Assessment of treatment burden and complexity in cystic fibrosis: A quality improvement project

Background Treatment regimens for cystic fibrosis (CF) continue to evolve and grow in complexity. Treatment regimen burden, and associated sequelae, are incompletely understood. Objective Quality improvement (QI) methods were used to investigate treatment burden of CF care, family and care team partnerships, and potential interventions to reduce burden. Methods Patients 6-24 years with CF and caregivers of patients 6-13 years were surveyed. Portions of validated tools and existing surveys measured burden and family-care team partnership. An automated report calculated treatment complexity. Plan-do-study-act cycles tested survey administration during CF visits and run charts tracked progress. Interventions to reduce burden were tracked, and bidirectional assessments explored partnerships among patients, families and clinicians.

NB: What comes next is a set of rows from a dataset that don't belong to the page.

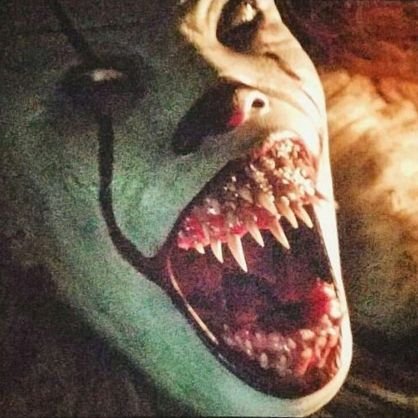 in79814761's profile picture. 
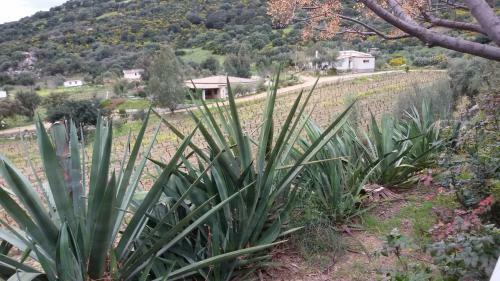 Agroturismo Agriturismo Su Solianu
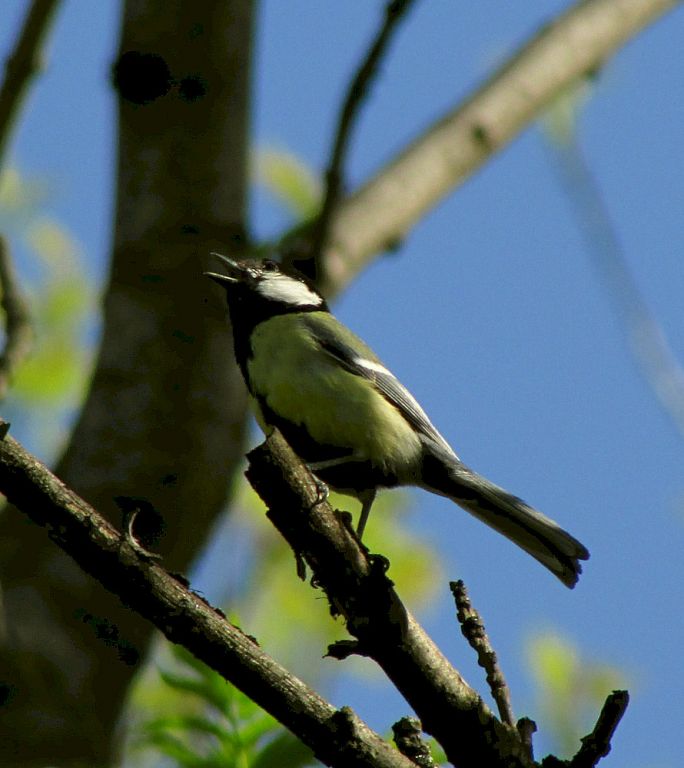 Parus major Linnaeus, 1758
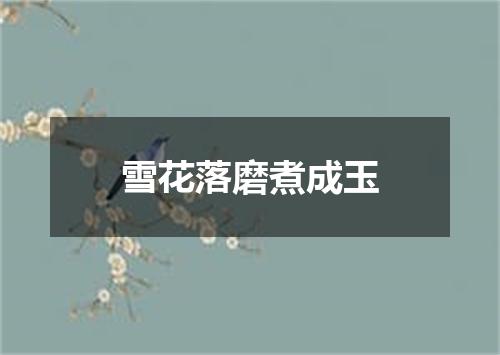 雪花落磨煮成玉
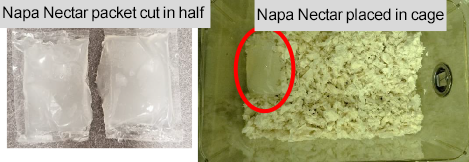 Two images: Left shows a Napa Nectar packet cut in half. Right shows Napa Nectar placed inside a cage with bedding.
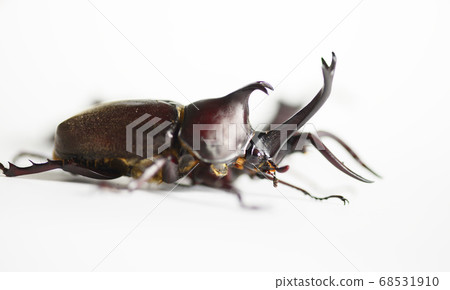 鋸齒雄鹿白色背景昆蟲昆蟲生物暑假 鋸齒雄鹿白色背景昆蟲昆蟲生物暑假 68531910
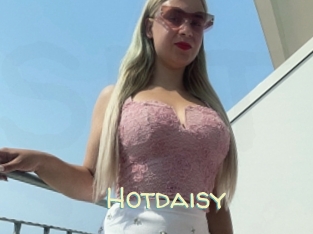 Hotdaisy
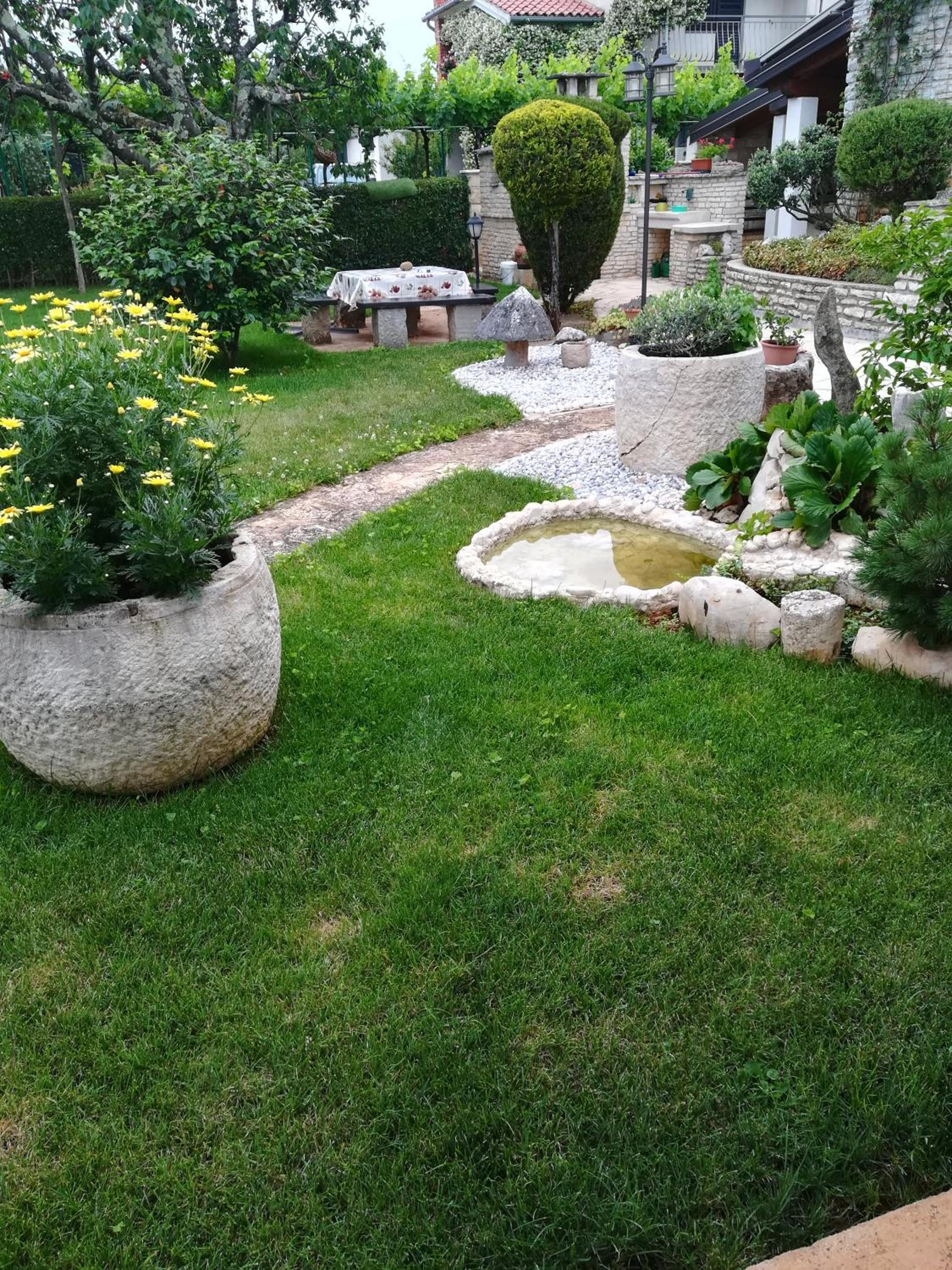 Photo 61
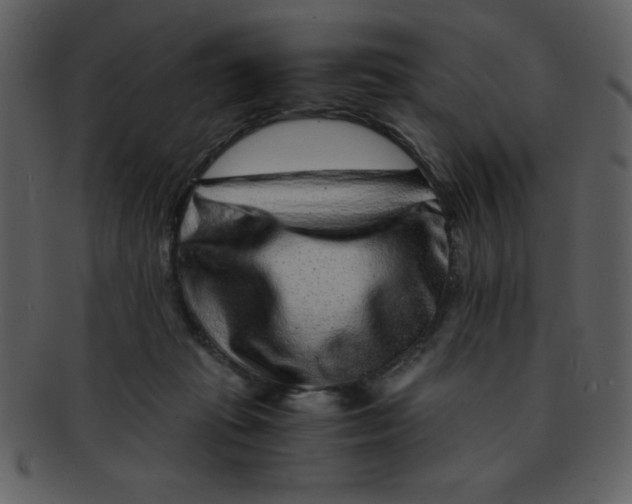 X0000093120269200710171252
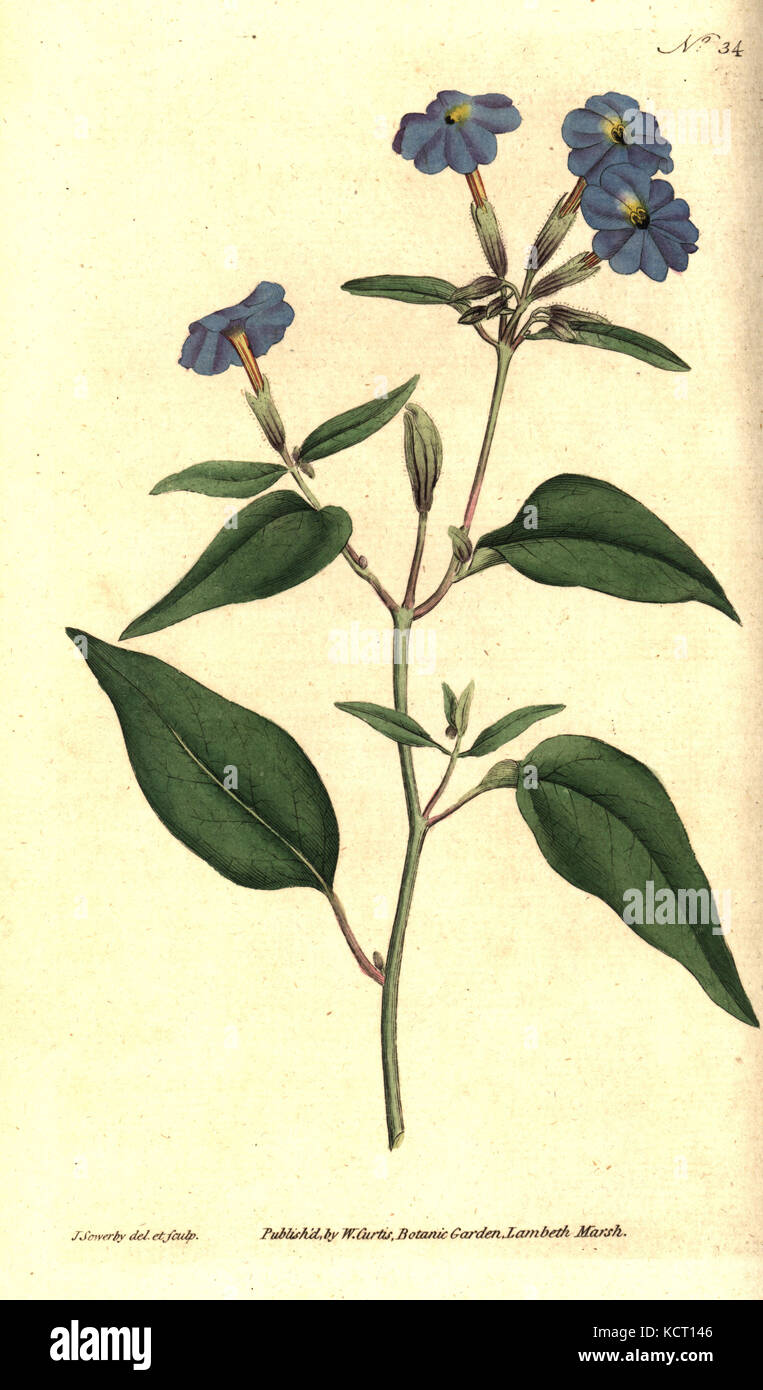 Jamaican forget-me-not, amethyst flower, or bush violet, Browallia americana (Tall browallia, Browallia elata). Handcolured copperplate engraving and botanical illustration by James Sowerby from William Curtis' The Botanical Magazine, Lambeth Marsh, London, 1787. Stock Photo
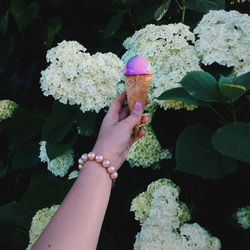 Close-up of hand holding ice cream cone against flowers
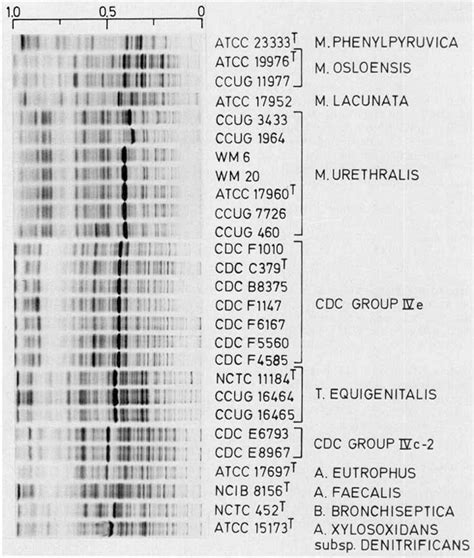 Oligella urethralis | Semantic Scholar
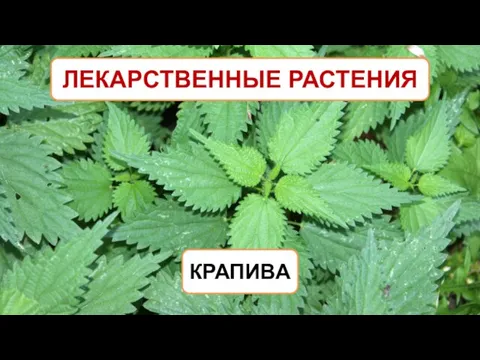 ЛЕКАРСТВЕННЫЕ РАСТЕНИЯ КРАПИВА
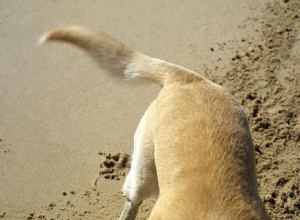 Verschillende betekenissen van een kwispelende hond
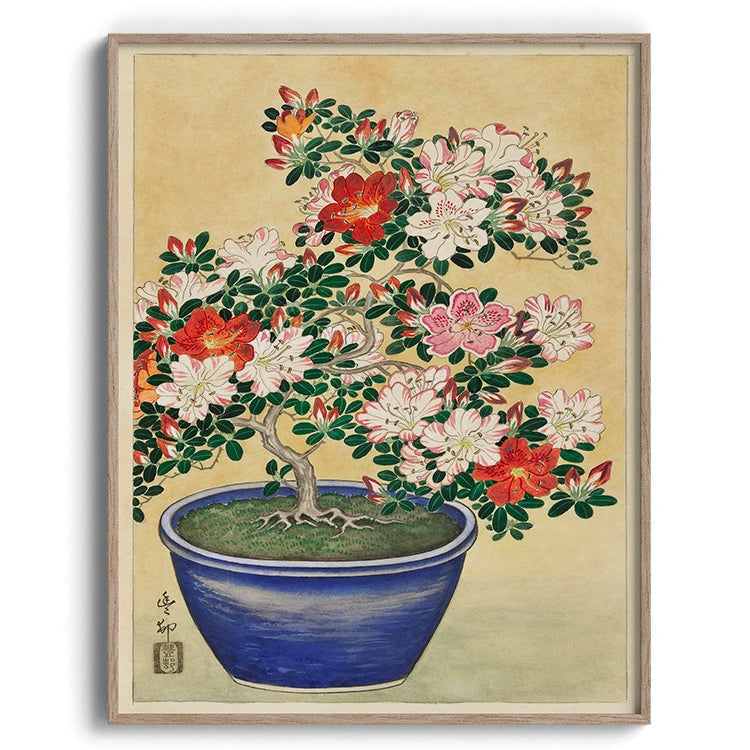 Azalea Bonsai Botanical Painting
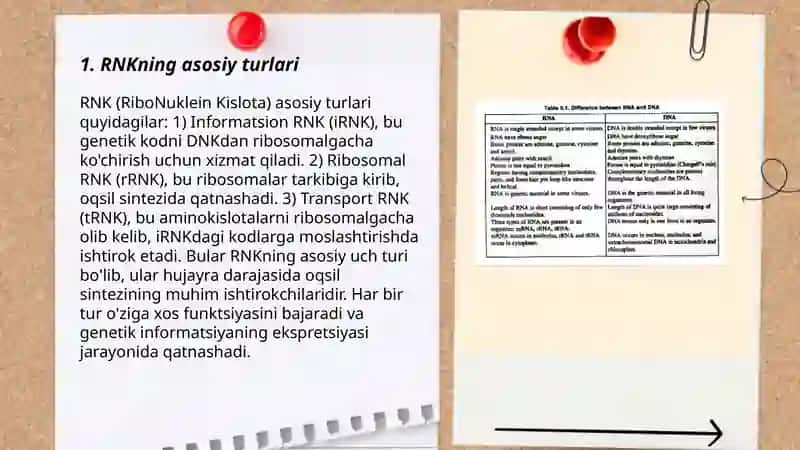 RNk turlari va vazifalari 3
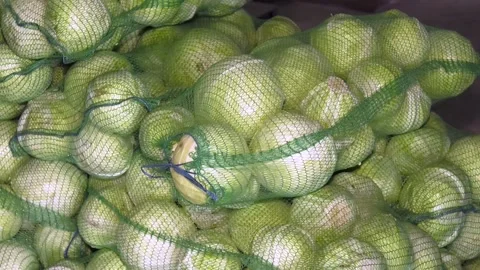 Cabbage harvest. Stock Footage 223817208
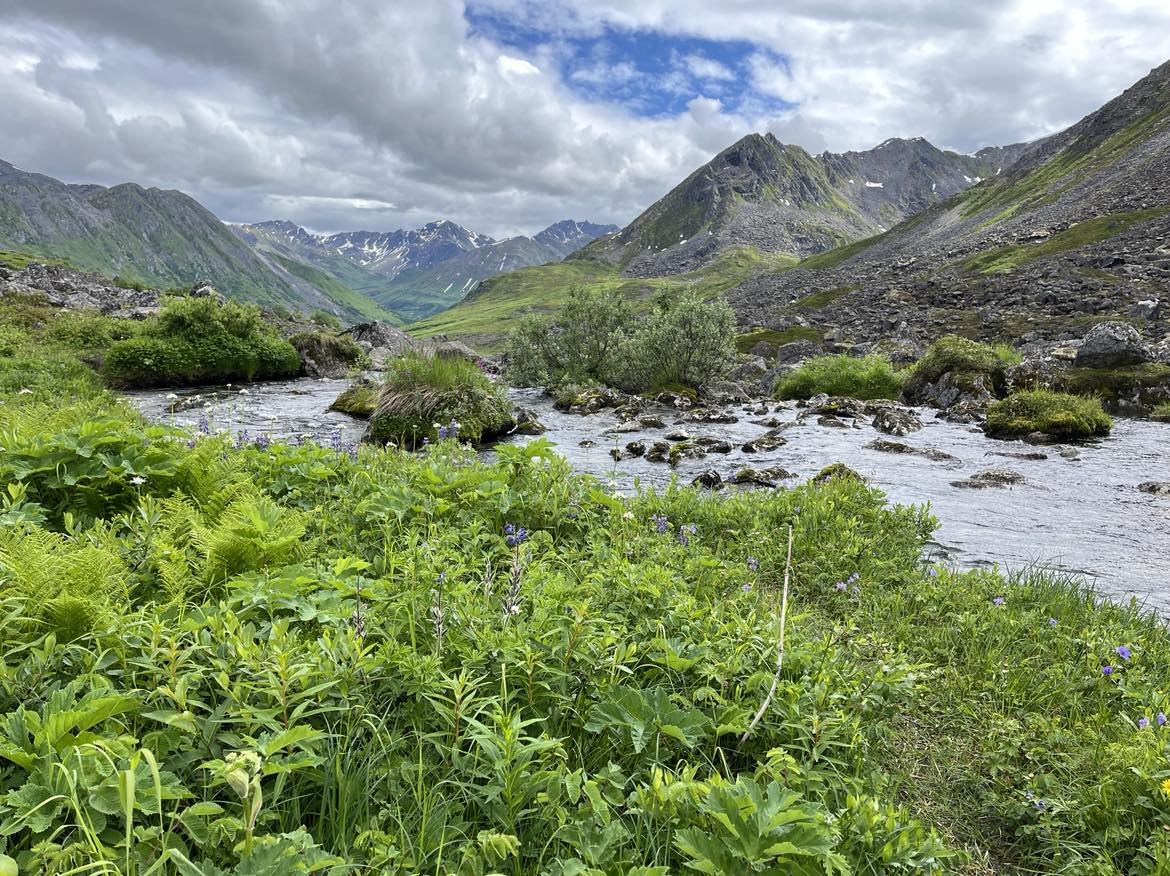 Backcountry Blue Pools Adventure Hike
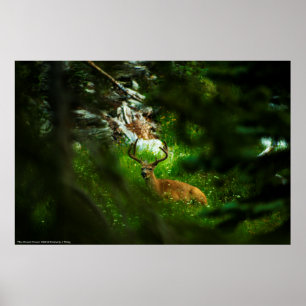 Poster Le Prince Forêt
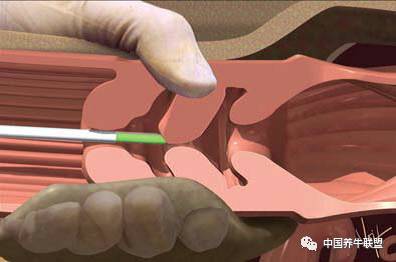牛的人工授精技术在线播放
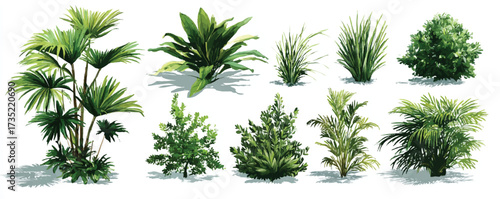 Watercolor Green Plants Variety on White Background Illustration for Garden Design Elements and Landscaping Ideas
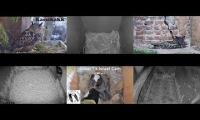 Thumbnail of Amazingearthanimalslivestream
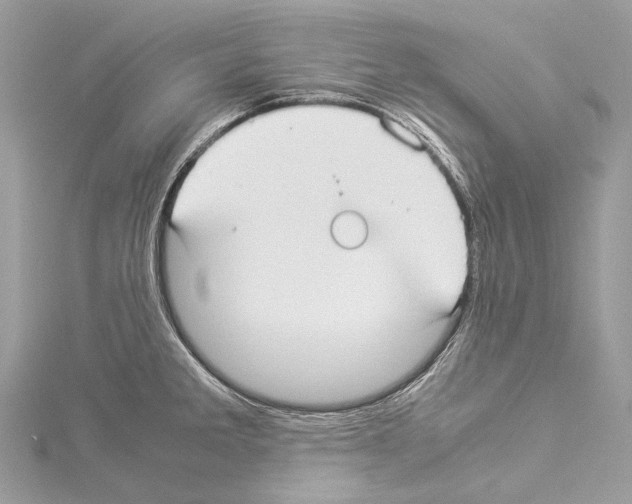 X0000114171285200911191239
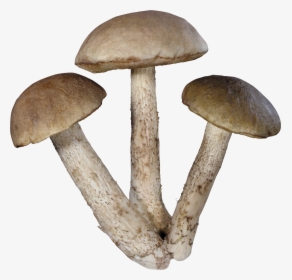 Mushrooms Png, Transparent Png, Free Download
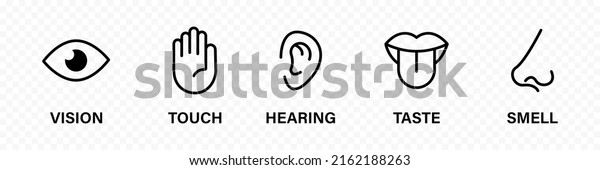 Vektor Stok Human Sense Icons Five Human Senses (Tanpa Royalti ...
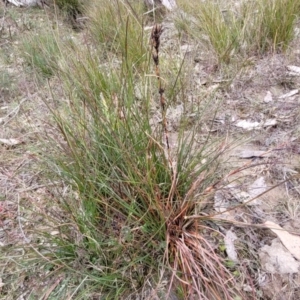 Schoenus villosus at Berlang, NSW - 20 Aug 2022 12:11 PM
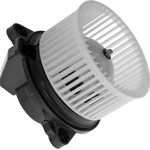 Order New Blower Motor With Wheel by GLOBAL PARTS DISTRIBUTORS - 2311688 For Your Vehicle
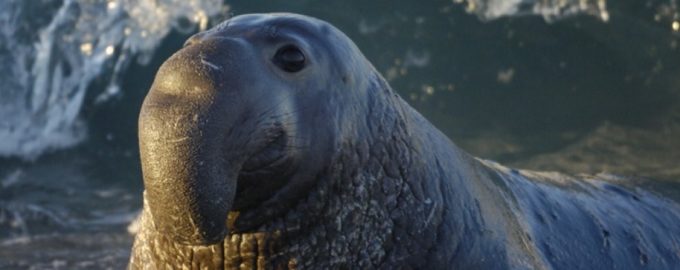 взрослый морской слон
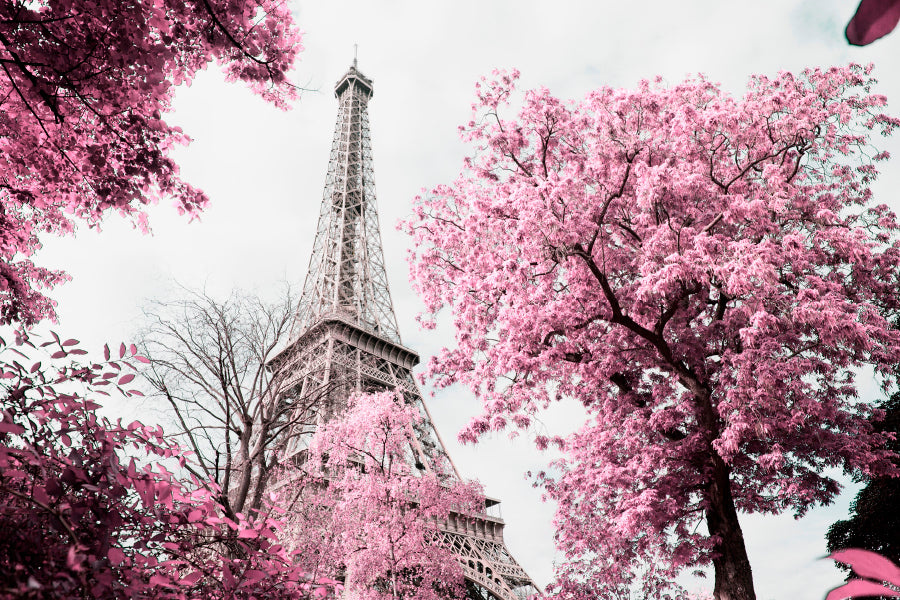 Pink Tree In Front of The Eiffel Tower Wall Art Decor 100% Australian Made - Bella Home Decor
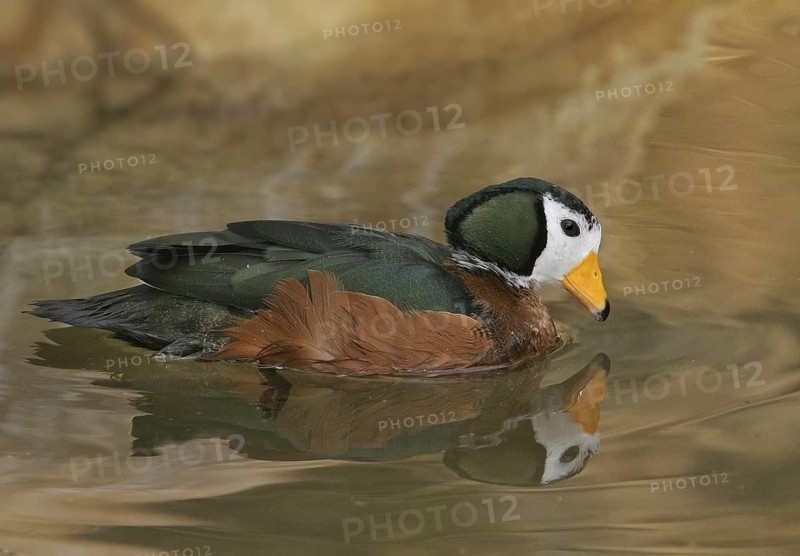 African Pygmy Goose (Nettapus auritus), California, USA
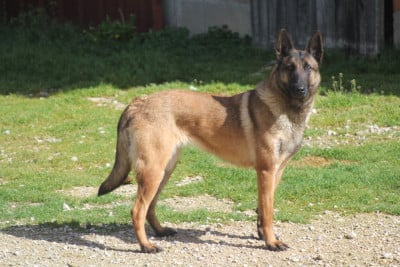 https://chiens-de-france.com/photo/chiens/2025_11/tn200/TN200_202605111048196a0197d3d5ce3.jpg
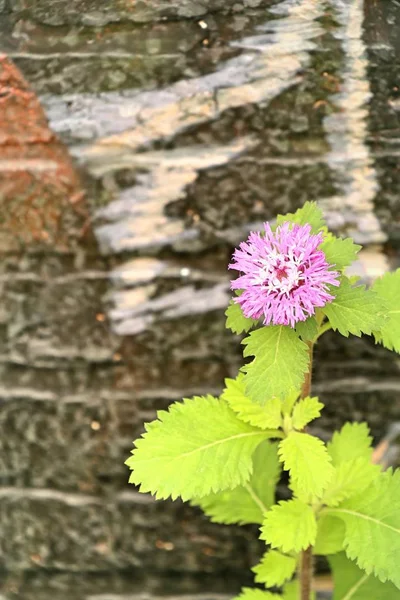 자연 속에서 핑크 꽃 — 스톡 사진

Results Over 6 months, 110 patients and 62 caregivers completed assessments. Caregivers reported lower burden/higher quality of life (74.0, range 22.2-100) than patients (66.5, range 16.7-100). The mean treatment complexity score was 17.2 (range 6-34). Treatment complexity and burden increased with patient age (p < .05 and p < .01 respectively). Lower lung function correlated with higher patient-reported burden (p < .01) and higher treatment complexity (p < .0001). As burden increased, providers more often performed select interventions (discussed combining treatments, simplified regimens, or involved other team members (p < .05 for each)). Families reported high partnership (mean scores 4.7-4.8, 5 = high), and providers reported high utilization of partnership tools (tool used in 77% of encounters). Conclusion We assessed, quantified, and responded to treatment burden and complexity in real-time during outpatient CF visits. Systematic and individualized assessments of treatment complexity and burden may enhance treatment adherence while preserving quality of life.